No livro ‘Guia Pussy Riot para o Ativismo’, escrito pela vocalista e ativista, Nadia Tolokonnikova, existem estas três regras:
• Faça você mesmo;
• Recupere a alegria;
• Seja um delinquente artístico.
Acredito que a banda Santa Jam Vó Alberta siga estas regras, mesmo que não seja intencionalmente.
À primeira vista eles nos lembram Mumford & Sons Brasileiros, porém, as semelhanças param nos instrumentos. Eles têm algumas vantagens sobre os gringos, entre elas, a brasilidade e a alegria contagiante!
Acredito que o papel da música seja conectar as pessoas, e a Santa Jam Vó Alberta faz isso como ninguém. Durante suas apresentações, é impossível não se sentir atingido. Manter os pés no chão enquanto eles tocam é quase um desafio.
Fui convidada pelo Ivan, que é vocalista da banda, para assistir a um ensaio na casa dele. O lugar é digno de uma descrição de Lewis Carroll.

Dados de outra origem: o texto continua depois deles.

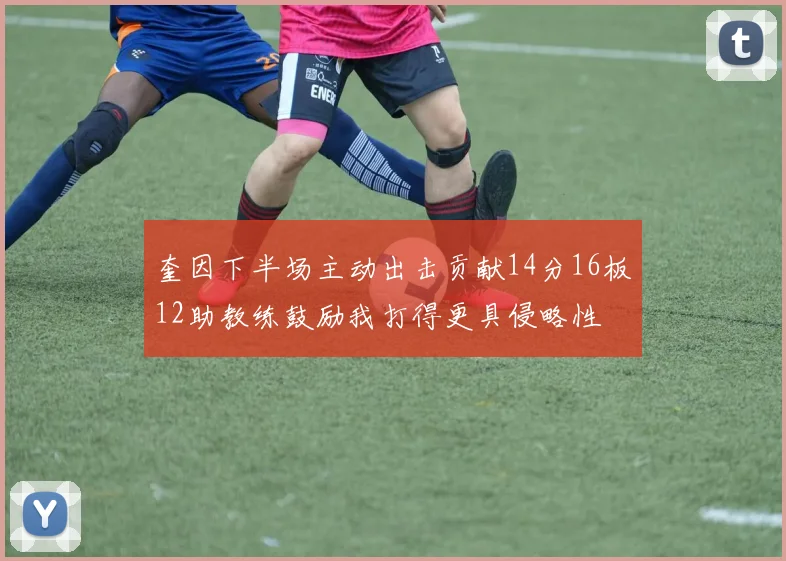 奎因下半场主动出击贡献14分16板12助教练鼓励我打得更具侵略性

Instrumentos musicais por todos os lados (alguns ainda em processo de fabricação, já que a casa serve também de carpintaria), livros, botas, discos, quadros, um Axl Rose dos anos 90 em uma parede, plantas, madeira e serragem dividem o mesmo espaço.
O lugar multifuncional recebe os músicos sempre, e dessa vez, me recebeu também.

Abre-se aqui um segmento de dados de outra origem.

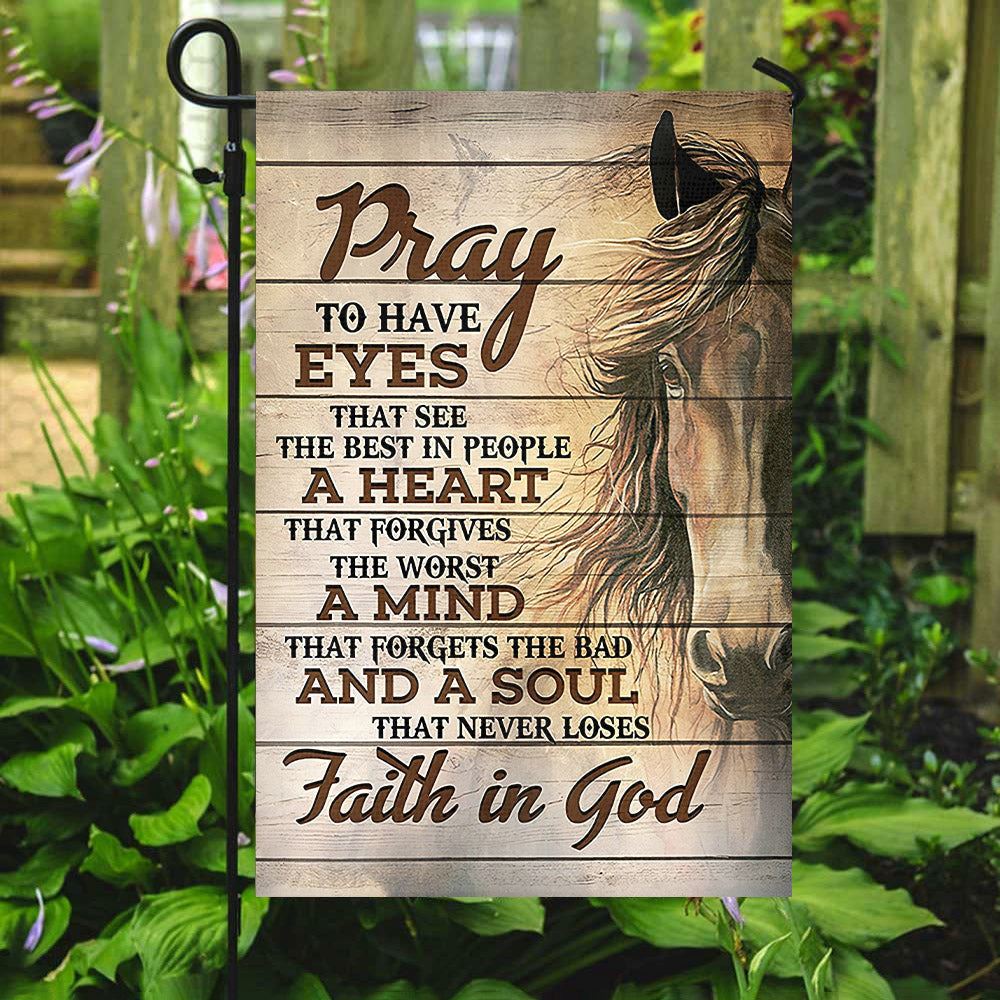 Pray To Have Eyes That See Flag, Horse, Christian's Flag, Garden Decor, Garden Flag Stand, Christian Flag, Scripture Flag, Garden Banner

Pude conhecer além do Ivan, Pedro Cury (violão), João Paulo (sanfona) e Pedro Ruivon (violoncelo).
Eles contam que tudo começou em uma marcenaria na Sumaré, São Paulo, onde eles recebiam os amigos para tocar. Os encontros evoluíram e viraram grandes festas. Depois de um tempo, a festa migrou para a casa do Dani, morador da Santa Cecilia, que batizou os encontros como Santa Jam.

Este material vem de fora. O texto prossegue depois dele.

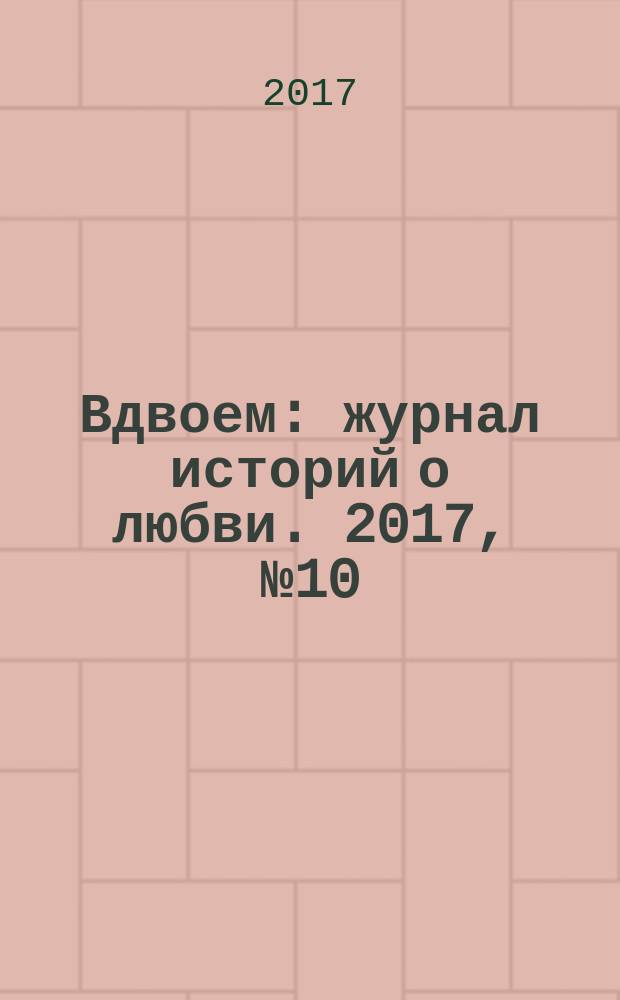 Вдвоем : журнал историй о любви. 2017, № 10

Mas eles não perderam sua essência.
A banda continua se divertindo, mas não está para brincadeira.
Eles tocam versões de Beatles, Johnny Cash, Simon & Garfunkel e estão começando a investir no trabalho autoral também.
Quando digo que a banda faz versões, é porque eles vão além de um cover.
Posso dizer com a segurança de quem ama Beatles, que os caras trabalham com liberdade e respeito em cima dos clássicos, e nos trazem algo novo, algo tão bom de ouvir que possivelmente ganhariam a bênção dos grandes mestres.
Quanto ao trabalho autoral, a banda está para lançar um EP em breve, e deve vir coisa boa por aí.
Um gostinho da assinatura deles é a música ‘Royal Heart Blues’, composta por Bruno Motta, Dani Kowalski e Ivan Staicov.
Desde que banda surgiu, eles vêm se apresentando em São Paulo em diversas casas de música.
Participam de festivais por todo o Brasil, se apresentaram no TED e no TEDx em 2017, gravaram um Sofar e têm um documentário chamado Sinfonia Caipira, que está disponível em diversas plataformas digitais.
Dirigido por Denis Nielsen, o filme recebeu dois prêmios no Jukebox International Film Festival, realizado em Carson City, nos Estados Unidos em 2018.
Como não poderia deixar de ser, a Santa Jam Vó Alberta, que nasceu do encontro de muitos amigos, possui um núcleo fixo, onde todos são vocais e multi-instrumentistas.
São eles: Ivan Staicov (Zito), Danilo Ruiz (Dan – que precisa aprender a carregar o instrumento), João Paulo (Juju), Pedro Cury (Pedrinho), Pedro Marini (Magrão), Daniel Oliveira (Dani) e Bruno Motta (Bubba, que mesmo morando em outro país, ainda é parte da banda).
O outro núcleo é a órbita da Santa Jam: amigos músicos que estão sempre a postos caso haja a necessidade de substituições ou participações especiais. Neste último caso, por exemplo, quando a banda toca o especial Johnny Cash, quem faz a June Carter é a Lara, e Pedro Ruivon assume a guitarra.
Nós batemos um papo com Pedro Cury e Ivan Staicov. Confira!
Dani – Hedflow: Quando foi que a Santa Jam tomou forma e se tornou uma banda de verdade?
Pedro Cury/Ivan: Foi quando convidaram a gente pra gravar um Sofar. Ali a gente precisou organizar mesmo. Isso foi em Janeiro de 2017. No mesmo ano chamaram a gente pra tocar no TED, lá no Allianz. Aí a gente se deu conta que era uma banda. Ensaiamos mais, fizemos mais shows. Por causa do Sofar, pinta muito contato e contrato. No dia do TED tinha umas 100 mil pessoas no live e 12 mil pessoas no estádio. Olha que louco, né? Não é só o lance de quantidade de gente, mas é sobre atingir as pessoas com música, já vira uma loucura. Bateu uma responsa, aí não tinha mais como voltar atrás.
Dani – Hedflow: Sobre o Projeto Criançada da Roça, como surgiu? Vocês ainda estão tocando o projeto?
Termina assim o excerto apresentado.